Après ce monologue il se dirigea vers l’appartement de sa femme, qu’il trouva occupée à coudre.

« Ah ! Poppsy, lui dit-il, je viens vous prier de me gronder ; je suis vraiment furieux contre moi-même ; je vous assure, ma chère, qu’il y a cinq minutes, je me suis senti prêt à maltraiter Sophie, uniquement parce qu’elle n’a pas voulu m’emprunter quelques guinées. Ne suis-je pas un bien aimable tuteur ?

— Si c’est là-dessus que vous désirez être grondé, mon ami, ne vous adressez pas à moi, car je n’ai jamais, je crois, rencontré une créature que je déteste autant que miss Martin Thorpe, comme l’appelle le charmant baronnet.
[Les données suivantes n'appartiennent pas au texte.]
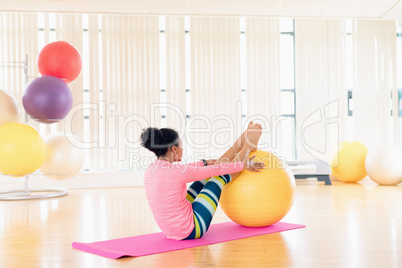 Woman exercising with exercise ball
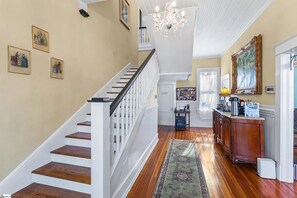 Eine Treppe mit weißen Geländern und Holzstufen führt zu einem Raum mit einem Chandelier, einem Holzschrank und einem Teppich.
Quelle vilaine petite personne, méchante, rapace et ingrate au dernier point !

— Elle ! répondit le major avec mécontentement. En prenant la pauvre orpheline chez nous, nous n’avons jamais pensé à en être payés, pas plus avec de l’argent que par de la tendresse et de la reconnaissance.

— Certes, vous avez raison, mon ami, répondit mistress Heathcote ; mais rien ne peut excuser la manière impertinente dont elle nous traite : on dirait d’une duchesse égarée chez des gens de rien et de chez lesquels elle veut sortir à n’importe quel prix.

— Je ne vous demande pas cela, répondit le major en souriant avec amertume ; seulement je vous avoue que j’ai plus peur, maintenant que sa garde m’est confiée par son oncle mourant, que lorsque j’étais à Bruxelles et que nous marchions sur Waterloo. À mon sens, je deviens fou ou imbécile.

— J’éprouve absolument la même impression que vous, cher major, et à tout ce qu’elle dit ou fait je voudrais chercher querelle à votre pupille, que j’aime moins que jamais depuis tous ces nouveaux arrangements, surtout depuis le départ d’Algernon et de nos petites filles.

— Je suis charmé de vous avoir ouvert mon cœur, Poppsy : car, n’importe ce que nous aurons à supporter, d’un seul regard nous pourrons nous comprendre ! Nous n’aurons pas besoin de parler, ce qui est toujours imprudent devant les enfants. Prenons sur nous cependant, ma bonne amie, de ne pas chercher le mauvais côté de ses actions, tout en nous appliquant à l’empêcher de mal agir ; mais, hélas ! ce qui me désole, c’est que jamais, quoi qu’elle fasse, je ne pourrai m’attacher à elle ! »

Le pauvre major était tout confus en faisant cette confession à sa femme ; il ne pouvait cependant pas choisir une meilleure confidente : car non-seulement elle sympathisait avec lui, mais, comme lui, elle voulait combattre ses penchants qui l’éloignaient aussi de Sophie, et se promettait bien d’éviter qu’un mot blessant ou un reproche ne tombât de ses lèvres sur leur pupille.

« Vous avez raison, amie, et nous devons nous vaincre, répondit le major aux sages conseils de sa chère femme ; la fortune lui donne le droit d’être hautaine avec nous et maîtresse chez elle ; ce n’est pas sa faute si elle n’est ni aussi jolie que notre Florence, ni aussi gaie que nos chers petits enfants. »

On voit d’après cela que la tranquillité de miss Martin Thorpe était dorénavant assurée, car le major et sa femme étaient bien décidés à lui laisser faire toutes ses volontés sans lui adresser même une observation.